Looking at the data below, report how many lines contain "Western", with no other words.

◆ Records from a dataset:
= = = = =
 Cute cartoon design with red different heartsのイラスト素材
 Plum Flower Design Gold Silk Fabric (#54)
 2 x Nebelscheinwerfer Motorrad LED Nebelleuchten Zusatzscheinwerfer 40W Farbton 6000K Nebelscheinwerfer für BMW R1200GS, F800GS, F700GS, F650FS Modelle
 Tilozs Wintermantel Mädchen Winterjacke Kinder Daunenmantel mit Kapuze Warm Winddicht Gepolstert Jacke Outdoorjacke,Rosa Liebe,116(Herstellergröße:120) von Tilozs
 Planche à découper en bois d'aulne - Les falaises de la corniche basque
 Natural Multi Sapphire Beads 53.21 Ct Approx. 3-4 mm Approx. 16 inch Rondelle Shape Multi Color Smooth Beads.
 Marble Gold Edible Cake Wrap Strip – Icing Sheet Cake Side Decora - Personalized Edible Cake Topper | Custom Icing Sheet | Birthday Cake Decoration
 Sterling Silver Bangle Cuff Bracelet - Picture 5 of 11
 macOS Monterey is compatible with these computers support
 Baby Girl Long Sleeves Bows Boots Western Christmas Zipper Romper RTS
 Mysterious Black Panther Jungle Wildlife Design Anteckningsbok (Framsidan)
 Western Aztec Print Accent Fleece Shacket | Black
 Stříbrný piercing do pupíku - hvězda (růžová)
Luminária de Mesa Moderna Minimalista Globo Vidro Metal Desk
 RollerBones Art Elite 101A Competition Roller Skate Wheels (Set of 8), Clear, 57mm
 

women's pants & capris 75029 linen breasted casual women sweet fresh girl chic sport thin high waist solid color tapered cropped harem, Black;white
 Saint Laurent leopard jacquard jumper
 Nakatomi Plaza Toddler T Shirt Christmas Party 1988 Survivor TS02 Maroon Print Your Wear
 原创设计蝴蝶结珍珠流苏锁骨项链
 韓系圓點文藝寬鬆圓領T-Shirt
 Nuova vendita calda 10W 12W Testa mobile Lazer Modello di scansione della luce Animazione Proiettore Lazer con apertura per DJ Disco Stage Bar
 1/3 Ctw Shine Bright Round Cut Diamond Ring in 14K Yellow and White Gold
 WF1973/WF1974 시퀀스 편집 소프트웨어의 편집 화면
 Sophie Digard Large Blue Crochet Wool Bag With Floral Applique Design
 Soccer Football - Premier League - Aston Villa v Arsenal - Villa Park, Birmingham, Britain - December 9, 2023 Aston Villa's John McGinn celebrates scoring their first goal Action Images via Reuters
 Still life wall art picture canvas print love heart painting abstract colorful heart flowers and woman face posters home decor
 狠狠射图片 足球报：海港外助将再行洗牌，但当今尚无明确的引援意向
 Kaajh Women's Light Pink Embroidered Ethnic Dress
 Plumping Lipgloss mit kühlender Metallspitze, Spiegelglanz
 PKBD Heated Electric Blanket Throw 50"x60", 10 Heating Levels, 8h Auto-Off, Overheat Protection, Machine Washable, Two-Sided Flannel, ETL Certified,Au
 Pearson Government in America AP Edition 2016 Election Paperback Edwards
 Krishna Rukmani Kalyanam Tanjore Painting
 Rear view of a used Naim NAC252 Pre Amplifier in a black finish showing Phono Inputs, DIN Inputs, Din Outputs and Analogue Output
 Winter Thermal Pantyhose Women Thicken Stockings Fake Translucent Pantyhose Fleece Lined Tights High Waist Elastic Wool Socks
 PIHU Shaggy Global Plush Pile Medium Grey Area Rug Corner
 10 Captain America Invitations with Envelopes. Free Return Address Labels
= = = = =
◆ TASK RESPONSE: 2